**Extracted material**:
◆ ◆ ◆ ◆ ◆
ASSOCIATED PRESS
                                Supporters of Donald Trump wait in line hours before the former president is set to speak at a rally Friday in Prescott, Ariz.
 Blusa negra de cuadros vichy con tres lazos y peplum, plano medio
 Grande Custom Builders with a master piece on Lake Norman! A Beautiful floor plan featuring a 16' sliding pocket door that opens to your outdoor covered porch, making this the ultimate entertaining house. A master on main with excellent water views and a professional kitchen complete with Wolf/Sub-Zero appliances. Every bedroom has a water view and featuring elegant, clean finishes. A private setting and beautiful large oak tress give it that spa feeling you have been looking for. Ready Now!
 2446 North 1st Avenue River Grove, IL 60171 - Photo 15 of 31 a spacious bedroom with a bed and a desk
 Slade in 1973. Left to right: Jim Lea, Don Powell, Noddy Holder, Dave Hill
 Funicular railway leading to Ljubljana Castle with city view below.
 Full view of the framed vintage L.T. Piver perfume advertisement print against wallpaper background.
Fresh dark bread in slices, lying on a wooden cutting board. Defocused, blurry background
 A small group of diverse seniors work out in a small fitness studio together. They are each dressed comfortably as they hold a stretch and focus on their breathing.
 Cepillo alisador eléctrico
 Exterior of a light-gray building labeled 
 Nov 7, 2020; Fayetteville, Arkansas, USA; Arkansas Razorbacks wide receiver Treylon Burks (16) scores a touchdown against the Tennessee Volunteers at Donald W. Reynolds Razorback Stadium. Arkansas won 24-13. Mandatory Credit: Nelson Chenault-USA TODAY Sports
◆ ◆ ◆ ◆ ◆
**Your task**:
Return the lines from the one containing "Blusa negra de" through the last line of the records. Include both ends and nothing else.

**Solution**:
 Blusa negra de cuadros vichy con tres lazos y peplum, plano medio
 Grande Custom Builders with a master piece on Lake Norman! A Beautiful floor plan featuring a 16' sliding pocket door that opens to your outdoor covered porch, making this the ultimate entertaining house. A master on main with excellent water views and a professional kitchen complete with Wolf/Sub-Zero appliances. Every bedroom has a water view and featuring elegant, clean finishes. A private setting and beautiful large oak tress give it that spa feeling you have been looking for. Ready Now!
 2446 North 1st Avenue River Grove, IL 60171 - Photo 15 of 31 a spacious bedroom with a bed and a desk
 Slade in 1973. Left to right: Jim Lea, Don Powell, Noddy Holder, Dave Hill
 Funicular railway leading to Ljubljana Castle with city view below.
 Full view of the framed vintage L.T. Piver perfume advertisement print against wallpaper background.
Fresh dark bread in slices, lying on a wooden cutting board. Defocused, blurry background
 A small group of diverse seniors work out in a small fitness studio together. They are each dressed comfortably as they hold a stretch and focus on their breathing.
 Cepillo alisador eléctrico
 Exterior of a light-gray building labeled 
 Nov 7, 2020; Fayetteville, Arkansas, USA; Arkansas Razorbacks wide receiver Treylon Burks (16) scores a touchdown against the Tennessee Volunteers at Donald W. Reynolds Razorback Stadium. Arkansas won 24-13. Mandatory Credit: Nelson Chenault-USA TODAY Sports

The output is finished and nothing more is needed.